SUPPLIED DATA
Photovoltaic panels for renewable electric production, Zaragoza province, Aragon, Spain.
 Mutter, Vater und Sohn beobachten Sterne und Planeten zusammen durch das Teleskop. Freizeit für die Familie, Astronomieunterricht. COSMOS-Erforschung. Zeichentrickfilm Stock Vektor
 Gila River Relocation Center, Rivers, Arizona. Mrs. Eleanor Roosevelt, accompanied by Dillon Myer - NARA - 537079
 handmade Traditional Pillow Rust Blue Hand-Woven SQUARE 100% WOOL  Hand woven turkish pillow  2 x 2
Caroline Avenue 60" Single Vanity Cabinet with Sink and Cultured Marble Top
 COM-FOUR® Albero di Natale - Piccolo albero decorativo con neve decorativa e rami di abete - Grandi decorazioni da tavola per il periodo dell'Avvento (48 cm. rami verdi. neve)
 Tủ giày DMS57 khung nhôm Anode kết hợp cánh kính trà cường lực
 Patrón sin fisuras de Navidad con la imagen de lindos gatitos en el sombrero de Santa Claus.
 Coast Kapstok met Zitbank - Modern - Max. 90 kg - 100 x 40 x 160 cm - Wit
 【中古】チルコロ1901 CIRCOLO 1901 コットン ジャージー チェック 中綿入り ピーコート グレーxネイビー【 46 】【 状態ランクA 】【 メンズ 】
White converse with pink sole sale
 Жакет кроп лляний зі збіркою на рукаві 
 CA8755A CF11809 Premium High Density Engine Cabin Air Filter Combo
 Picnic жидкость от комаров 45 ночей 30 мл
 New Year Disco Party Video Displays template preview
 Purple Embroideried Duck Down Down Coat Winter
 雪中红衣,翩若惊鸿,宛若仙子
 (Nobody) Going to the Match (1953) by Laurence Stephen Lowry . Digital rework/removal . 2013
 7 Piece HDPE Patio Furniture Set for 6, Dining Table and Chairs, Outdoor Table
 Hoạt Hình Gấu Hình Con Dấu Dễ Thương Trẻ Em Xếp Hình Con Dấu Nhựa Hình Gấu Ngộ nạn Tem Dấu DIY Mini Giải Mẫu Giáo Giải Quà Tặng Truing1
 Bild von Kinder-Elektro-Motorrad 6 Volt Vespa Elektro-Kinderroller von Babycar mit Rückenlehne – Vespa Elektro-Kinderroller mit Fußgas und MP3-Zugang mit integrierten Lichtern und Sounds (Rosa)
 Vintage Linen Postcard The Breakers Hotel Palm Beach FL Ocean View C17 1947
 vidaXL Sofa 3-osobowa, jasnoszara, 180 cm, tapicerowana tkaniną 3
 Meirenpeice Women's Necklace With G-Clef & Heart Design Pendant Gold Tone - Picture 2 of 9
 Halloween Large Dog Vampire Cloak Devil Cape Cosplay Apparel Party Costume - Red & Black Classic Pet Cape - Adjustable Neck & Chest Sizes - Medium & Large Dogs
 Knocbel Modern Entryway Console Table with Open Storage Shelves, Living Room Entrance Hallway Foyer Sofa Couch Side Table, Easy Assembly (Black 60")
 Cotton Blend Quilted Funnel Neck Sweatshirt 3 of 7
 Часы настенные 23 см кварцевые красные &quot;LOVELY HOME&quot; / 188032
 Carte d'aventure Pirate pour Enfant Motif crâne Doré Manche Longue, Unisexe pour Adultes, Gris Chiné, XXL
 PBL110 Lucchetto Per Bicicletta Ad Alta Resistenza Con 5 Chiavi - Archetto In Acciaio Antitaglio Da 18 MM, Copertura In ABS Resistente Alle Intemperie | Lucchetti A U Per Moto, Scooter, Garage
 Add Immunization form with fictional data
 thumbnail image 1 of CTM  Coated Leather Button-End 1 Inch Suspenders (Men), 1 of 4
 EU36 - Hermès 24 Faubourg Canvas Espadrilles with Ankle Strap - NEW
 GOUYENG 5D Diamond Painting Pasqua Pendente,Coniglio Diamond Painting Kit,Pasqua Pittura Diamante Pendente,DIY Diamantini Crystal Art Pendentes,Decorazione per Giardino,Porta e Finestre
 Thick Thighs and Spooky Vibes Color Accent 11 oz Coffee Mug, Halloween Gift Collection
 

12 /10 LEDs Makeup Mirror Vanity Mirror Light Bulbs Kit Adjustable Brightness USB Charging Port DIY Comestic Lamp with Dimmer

TRY IT
All lines above from the one with "COM-FOUR® Albero di" to the one with "Halloween Large Dog", inclusive, should be copied exactly, and no other lines.

FINISHED TASK
 COM-FOUR® Albero di Natale - Piccolo albero decorativo con neve decorativa e rami di abete - Grandi decorazioni da tavola per il periodo dell'Avvento (48 cm. rami verdi. neve)
 Tủ giày DMS57 khung nhôm Anode kết hợp cánh kính trà cường lực
 Patrón sin fisuras de Navidad con la imagen de lindos gatitos en el sombrero de Santa Claus.
 Coast Kapstok met Zitbank - Modern - Max. 90 kg - 100 x 40 x 160 cm - Wit
 【中古】チルコロ1901 CIRCOLO 1901 コットン ジャージー チェック 中綿入り ピーコート グレーxネイビー【 46 】【 状態ランクA 】【 メンズ 】
White converse with pink sole sale
 Жакет кроп лляний зі збіркою на рукаві 
 CA8755A CF11809 Premium High Density Engine Cabin Air Filter Combo
 Picnic жидкость от комаров 45 ночей 30 мл
 New Year Disco Party Video Displays template preview
 Purple Embroideried Duck Down Down Coat Winter
 雪中红衣,翩若惊鸿,宛若仙子
 (Nobody) Going to the Match (1953) by Laurence Stephen Lowry . Digital rework/removal . 2013
 7 Piece HDPE Patio Furniture Set for 6, Dining Table and Chairs, Outdoor Table
 Hoạt Hình Gấu Hình Con Dấu Dễ Thương Trẻ Em Xếp Hình Con Dấu Nhựa Hình Gấu Ngộ nạn Tem Dấu DIY Mini Giải Mẫu Giáo Giải Quà Tặng Truing1
 Bild von Kinder-Elektro-Motorrad 6 Volt Vespa Elektro-Kinderroller von Babycar mit Rückenlehne – Vespa Elektro-Kinderroller mit Fußgas und MP3-Zugang mit integrierten Lichtern und Sounds (Rosa)
 Vintage Linen Postcard The Breakers Hotel Palm Beach FL Ocean View C17 1947
 vidaXL Sofa 3-osobowa, jasnoszara, 180 cm, tapicerowana tkaniną 3
 Meirenpeice Women's Necklace With G-Clef & Heart Design Pendant Gold Tone - Picture 2 of 9
 Halloween Large Dog Vampire Cloak Devil Cape Cosplay Apparel Party Costume - Red & Black Classic Pet Cape - Adjustable Neck & Chest Sizes - Medium & Large Dogs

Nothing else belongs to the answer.